■ Exercise requirements
Only the text carries over: repeat the records exactly and drop the images.

■ Entries supplied
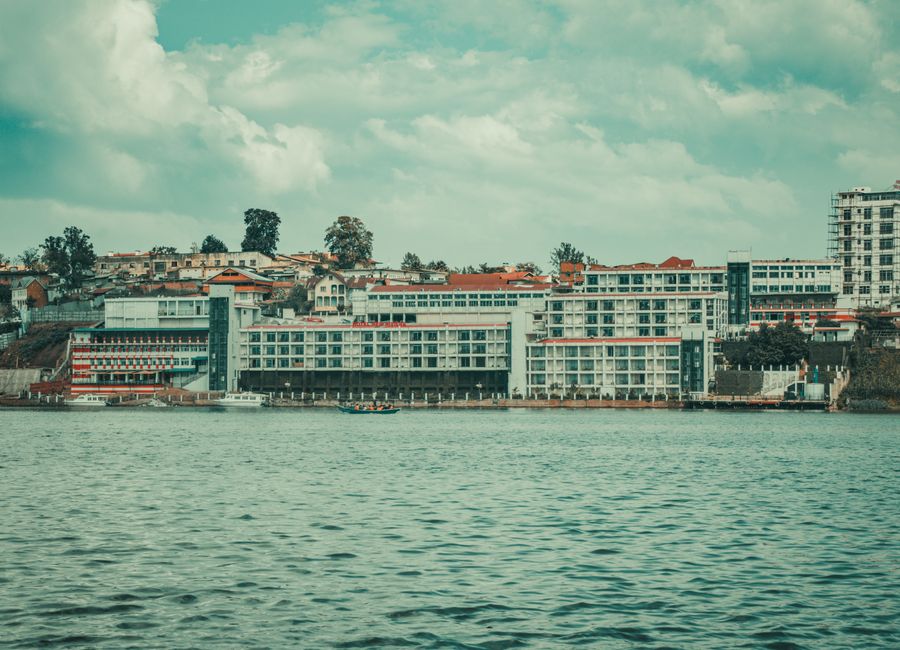 Tranquil view of the Bukavu waterfront with modern architecture and lake in Sud-Kivu, DRC.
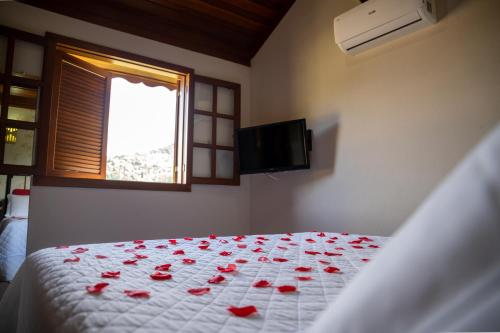 a bedroom with a bed with red roses on it at Pousada Bela Aurora in Venda Nova do Imigrante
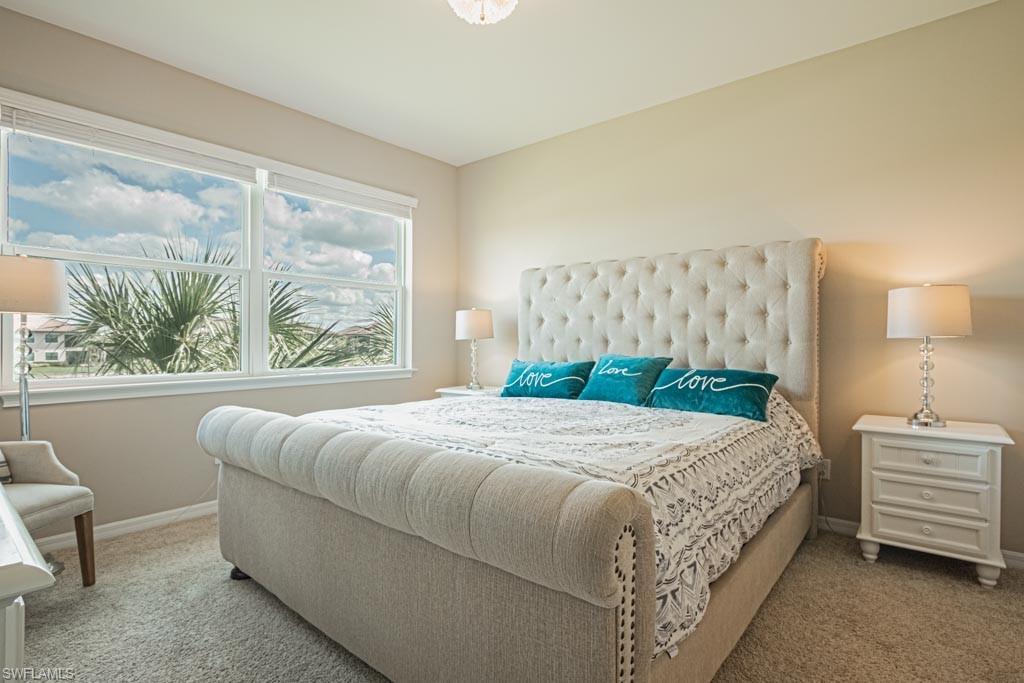 neutral carpet & decor, View of golf course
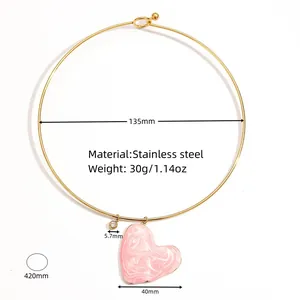 Détail en gros plan du pendentif cœur marbré rose et du collier ras de cou en acier doré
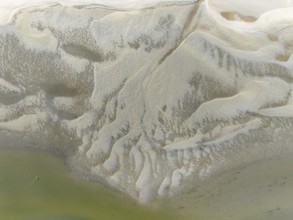 Low tide patterns and Greater Flamingos (Phoenicopterus ruber) at the Walvis Bay Lagoon. Aerial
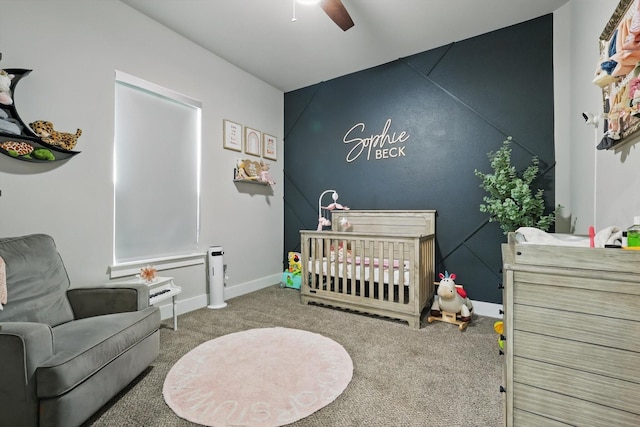bedroom with carpet floors, a nursery area, baseboards, and a ceiling fan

■ Solution for this problem
 Tranquil view of the Bukavu waterfront with modern architecture and lake in Sud-Kivu, DRC.
 a bedroom with a bed with red roses on it at Pousada Bela Aurora in Venda Nova do Imigrante
 neutral carpet & decor, View of golf course
 Détail en gros plan du pendentif cœur marbré rose et du collier ras de cou en acier doré
 Low tide patterns and Greater Flamingos (Phoenicopterus ruber) at the Walvis Bay Lagoon. Aerial
bedroom with carpet floors, a nursery area, baseboards, and a ceiling fan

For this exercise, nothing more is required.